(Data extracted from a collection)
★ ★ ★ ★ ★ ★ ★

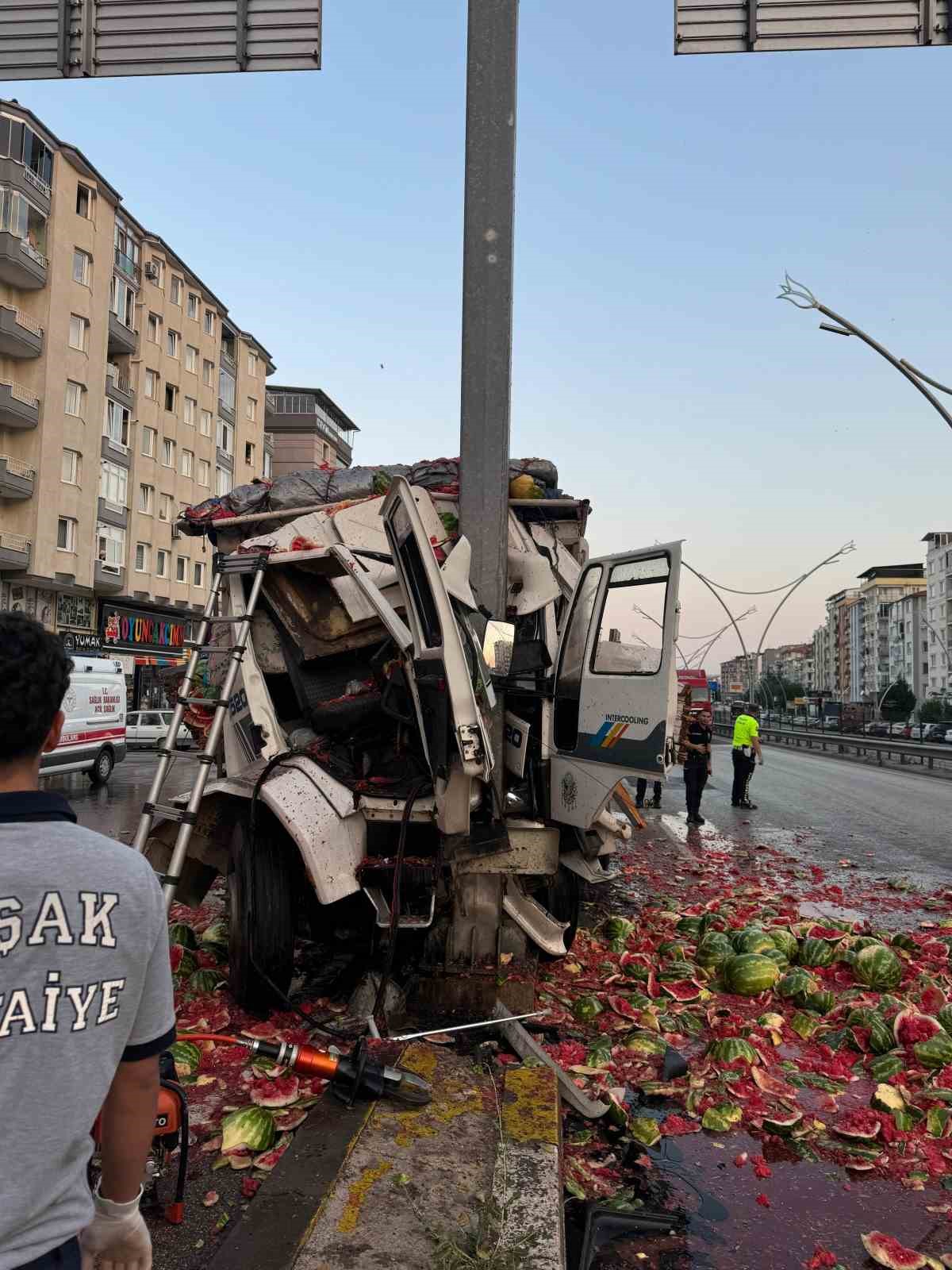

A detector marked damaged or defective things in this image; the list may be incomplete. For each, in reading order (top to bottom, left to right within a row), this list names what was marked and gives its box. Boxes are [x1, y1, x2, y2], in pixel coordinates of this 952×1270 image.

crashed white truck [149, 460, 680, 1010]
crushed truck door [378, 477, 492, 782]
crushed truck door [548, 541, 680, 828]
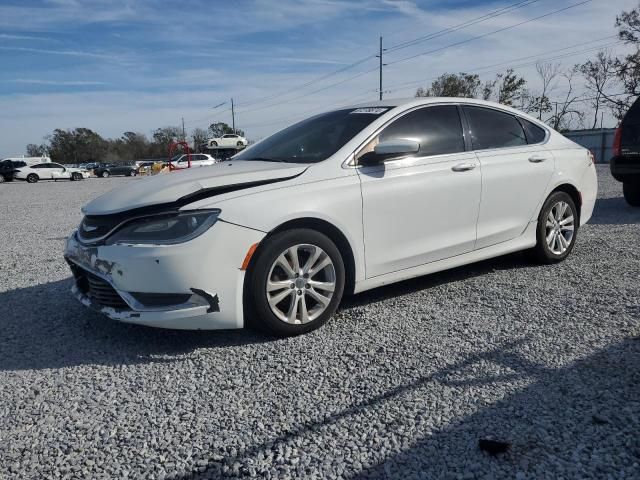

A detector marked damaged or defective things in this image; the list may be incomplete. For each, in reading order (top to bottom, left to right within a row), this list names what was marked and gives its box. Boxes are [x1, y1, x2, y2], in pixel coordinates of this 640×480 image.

★ ★ ★ ★ ★ ★ ★

| Your goal |
The records above must be retyped exactly. Please omit the pictures.

| Solved problem |
A detector marked damaged or defective things in this image; the list may be incomplete. For each, in reading order (top to bottom, left to right within a row), this list names what was marked and gives its box. Boxes are [x1, y1, x2, y2], in pixel coordinates of this 952×1270 image.

crashed white truck [149, 460, 680, 1010]
crushed truck door [378, 477, 492, 782]
crushed truck door [548, 541, 680, 828]

A detector marked damaged or defective things in this image; the list may be incomplete. For each, in reading order (top to bottom, left to right within a row), this list names what was marked and gives its box. Boxes are [x1, y1, x2, y2], in pixel coordinates of this 640×480 image.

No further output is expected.